I've been seeing lots of websites and projects that have some sort of "donations" or "contributions" page where people can contribute whatever they think is fair to support projects they feel are useful. For a while (about 6 months) I've thought about putting up such a page on sculptors.com, but ironically, have kept myself too busy to even get around to asking others for support! I do seem to get lots of feedback and letters of support in email, so I am getting the message that people seem to like my ideas and value the work that I'm doing.

The catch is that, up to this point, even if someone *did* want to support my work, there really wasn't any way to purchase anything. There isn't a book, yet, or a video, and I don't charge admission on the website or membership to be on any mailing lists. So I came up with an idea which I thought might make an interesting experiment...set up a page where people could make contributions if they so choose, and where they get to point out things that they'd like me to work on.

So someone who feels that I should focus my attention on bringing a project such as the disaster-relief domes to marketability, or getting the geodesic hubs manufactured for sale as greenhouse kits (one of my current major thrusts) can make a contribution and "purchase my attention", as it were, and essentially hire me to work on the projects they think are most important.

I've been mulling over the whole issue of funding for the past few months, and I really want to start producing things that people can purchase. I've been running Reality Sculptors as a hobby for about 8 years, but realistically, it's going to need to generate some revenue so we can all stop worrying about day-to-day work in the traditional world and start focusing on finding solutions to some of the bigger issues.

The computer networking costs alone run about $250/month for the co-location of the main web/list server sitting on a T1 line. There are more than a thousand different people who are subscribed to various Sculptors mail lists. I do this stuff because it's fun, and because I enjoy it as a hobby. But if anyone wants to contribute to help defray some of the operational costs, or to develop marketable products (more on that below), they are certainly welcome to.

On The Merits of Not "Working for a Living"

I'd been working in the Silicon Valley computer industry for about 8 years when the Internet Bubble went "POP!" and everything started to collapse. My former company laid off most of its employees and I've been happily "not working for The Man" for about 15 months. I still do small projects and short-term contract work on occasion to help make ends meet, but realistically, working on my various projects in Reality Sculptors is my passion. I'd much rather be trying to make the world work than to just be fixing people's broken computers and networks. :-)

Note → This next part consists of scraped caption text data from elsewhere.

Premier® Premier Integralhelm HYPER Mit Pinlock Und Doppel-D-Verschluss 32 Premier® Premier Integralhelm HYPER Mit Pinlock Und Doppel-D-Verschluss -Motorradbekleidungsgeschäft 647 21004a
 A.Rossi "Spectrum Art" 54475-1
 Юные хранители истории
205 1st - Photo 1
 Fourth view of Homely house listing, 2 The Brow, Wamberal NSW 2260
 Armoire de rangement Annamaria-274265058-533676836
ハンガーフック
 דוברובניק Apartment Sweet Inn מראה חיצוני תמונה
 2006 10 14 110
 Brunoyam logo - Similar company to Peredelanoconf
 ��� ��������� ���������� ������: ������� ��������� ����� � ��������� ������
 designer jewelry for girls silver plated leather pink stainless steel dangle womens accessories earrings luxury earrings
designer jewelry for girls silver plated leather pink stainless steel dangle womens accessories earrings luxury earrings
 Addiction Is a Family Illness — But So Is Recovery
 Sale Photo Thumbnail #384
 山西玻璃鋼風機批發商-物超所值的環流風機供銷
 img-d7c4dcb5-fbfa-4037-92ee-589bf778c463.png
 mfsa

My last job was in network consulting, and people basically hired me and my co-workers to come in and design/build/secure very large computer networks. Something I've come to realize and appreciate during my time away from the day-to-day "rat race" is that, as with most types of jobs, when someone pays you money, they command your attention and get you to focus on something that you might otherwise rather not be doing. Money's the trade-off for your time, attention, and roughly 1/3 of your life.

I cannot easily express the peace of mind and long-term focus that comes with not having to spend 8-10 hours of each day racing to and from a job, or jumping through the daily hoops and endless politics that one finds in just about any workplace. I honestly think that the world may end up a good deal better off if we can get MORE people to be self-sufficient and free from the yoke of "working-forty-years-to-pay-off-a-mortgage". But only if we can get more people who work at what they love, because they love it, not because they're worried about being able to pay the electric bill.

So this got me thinking. I'm in a space where I have all my time to myself, but very little money coming in (hence the little computer jobs & such). I'm getting to do *precisely* what I want, and have made good progress on many different projects. Interestingly enough, even after being my own person for about 15 months, I'm still buried neck-deep in unread books, unfinished projects, and towering piles of things to do, web pages to write, things to design, build, manufacture, etc. I could literally go for years with the projects I have in mind for Reality Sculptors, and try to build it into a company that may actually make a difference in how people live around the planet. As noted before, there's much more than any one person can do, so feel free to jump in!

The balance point I've been trying to strike will allow me to continue to pay the bills and still let me continue to focus on my main areas of interest (i.e. - making the world work for everyone, building shelters for the homeless, food and water systems for those without, and tools like the Autonomous House to drag people (kicking and screaming, if need be :-) ) into the 21st Century and away from the wasteful, polluting technologies of the 19th & 20th Centuries which so many still cling to.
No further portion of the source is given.